The redundant centers will be located at yet-to-be-selected hardened sites--possibly on military bases--that can be protected from terrorist attack. Strassmann's plans also call for a new system of smart-card readers that control both physical access to NASA computers and access online for authorized users. If a breach is detected, controllers would be able to disconnect an unauthorized user ``in a microsecond.''
WHILE STRASSMANN'S PLANS CALL for shutting off unauthorized access to NASA computers, he also wants to set up a unified Web portal managed by the headquarters Office of Public Affairs where members of the public would be able to access all of the agency's public information. The portal would partially duplicate a commercial site that was to have been developed by Dreamtime, a Silicon Valley startup that tried and failed to digitize the agency's archives and human spaceflight assets as a commercial venture (AW&ST Mar. 18, p. 23).

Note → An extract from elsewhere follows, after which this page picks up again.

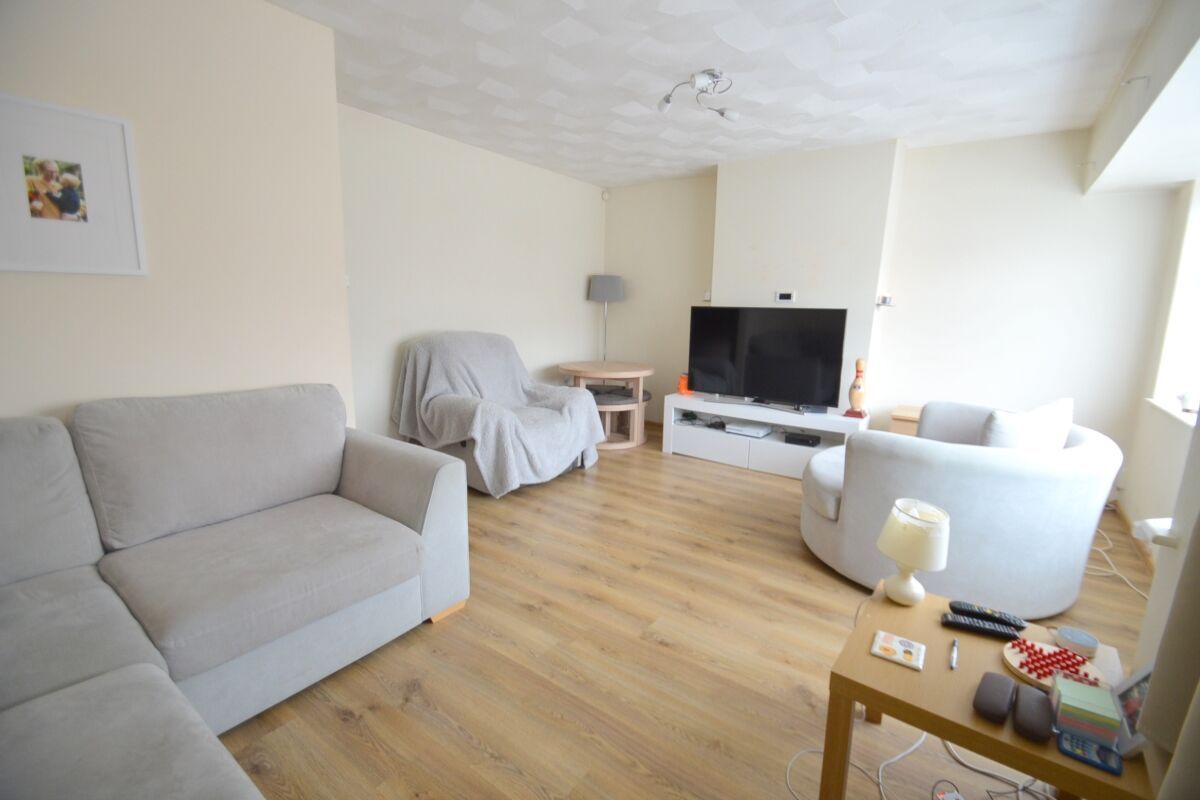 Jean Road, Kettering NN16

Strassmann argued that tightened security and access control are necessary today, when young computer hackers have already penetrated NASA's computer firewalls and the national security establishment sees evidence of more sinister intrusions.
``We believe that as you move into the era of information warfare, NASA and its assets are one of the targets, and therefore we believe that a level of security which is commensurate with war on terrorism is appropriate at this juncture,'' Strassmann said. ``So far as Paul Strassmann is concerned, we are at war.''
Photograph: NASA's new CIO wants to duplicate the efficiency of Mission Control Center-Houston to oversee the agency's computers.